§ **Excerpted records**:
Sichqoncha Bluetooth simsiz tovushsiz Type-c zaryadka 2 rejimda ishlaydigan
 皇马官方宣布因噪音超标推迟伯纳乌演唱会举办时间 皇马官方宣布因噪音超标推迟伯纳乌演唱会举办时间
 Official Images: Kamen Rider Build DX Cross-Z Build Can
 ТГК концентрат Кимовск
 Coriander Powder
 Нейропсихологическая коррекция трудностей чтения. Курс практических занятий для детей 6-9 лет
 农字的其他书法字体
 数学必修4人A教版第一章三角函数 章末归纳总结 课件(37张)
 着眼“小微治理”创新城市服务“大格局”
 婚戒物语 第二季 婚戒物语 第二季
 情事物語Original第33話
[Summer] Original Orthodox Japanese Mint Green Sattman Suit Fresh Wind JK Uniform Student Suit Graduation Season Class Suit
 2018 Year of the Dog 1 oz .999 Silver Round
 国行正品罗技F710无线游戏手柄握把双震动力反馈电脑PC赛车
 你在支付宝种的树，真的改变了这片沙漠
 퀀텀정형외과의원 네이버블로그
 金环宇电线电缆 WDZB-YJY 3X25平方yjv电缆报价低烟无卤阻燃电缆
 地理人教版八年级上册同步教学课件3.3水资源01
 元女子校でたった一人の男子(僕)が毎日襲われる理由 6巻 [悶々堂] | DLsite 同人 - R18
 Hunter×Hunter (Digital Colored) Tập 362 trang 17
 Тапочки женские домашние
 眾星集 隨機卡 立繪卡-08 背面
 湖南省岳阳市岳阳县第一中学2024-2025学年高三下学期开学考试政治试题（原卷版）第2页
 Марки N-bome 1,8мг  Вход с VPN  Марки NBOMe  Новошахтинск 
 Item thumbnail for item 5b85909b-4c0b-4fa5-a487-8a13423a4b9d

§ **Action item**:
Print again each line of the listing above, exactly as it appears.

§ **Reply to the task**:
Sichqoncha Bluetooth simsiz tovushsiz Type-c zaryadka 2 rejimda ishlaydigan
 皇马官方宣布因噪音超标推迟伯纳乌演唱会举办时间 皇马官方宣布因噪音超标推迟伯纳乌演唱会举办时间
 Official Images: Kamen Rider Build DX Cross-Z Build Can
 ТГК концентрат Кимовск
 Coriander Powder
 Нейропсихологическая коррекция трудностей чтения. Курс практических занятий для детей 6-9 лет
 农字的其他书法字体
 数学必修4人A教版第一章三角函数 章末归纳总结 课件(37张)
 着眼“小微治理”创新城市服务“大格局”
 婚戒物语 第二季 婚戒物语 第二季
 情事物語Original第33話
[Summer] Original Orthodox Japanese Mint Green Sattman Suit Fresh Wind JK Uniform Student Suit Graduation Season Class Suit
 2018 Year of the Dog 1 oz .999 Silver Round
 国行正品罗技F710无线游戏手柄握把双震动力反馈电脑PC赛车
 你在支付宝种的树，真的改变了这片沙漠
 퀀텀정형외과의원 네이버블로그
 金环宇电线电缆 WDZB-YJY 3X25平方yjv电缆报价低烟无卤阻燃电缆
 地理人教版八年级上册同步教学课件3.3水资源01
 元女子校でたった一人の男子(僕)が毎日襲われる理由 6巻 [悶々堂] | DLsite 同人 - R18
 Hunter×Hunter (Digital Colored) Tập 362 trang 17
 Тапочки женские домашние
 眾星集 隨機卡 立繪卡-08 背面
 湖南省岳阳市岳阳县第一中学2024-2025学年高三下学期开学考试政治试题（原卷版）第2页
 Марки N-bome 1,8мг  Вход с VPN  Марки NBOMe  Новошахтинск 
 Item thumbnail for item 5b85909b-4c0b-4fa5-a487-8a13423a4b9d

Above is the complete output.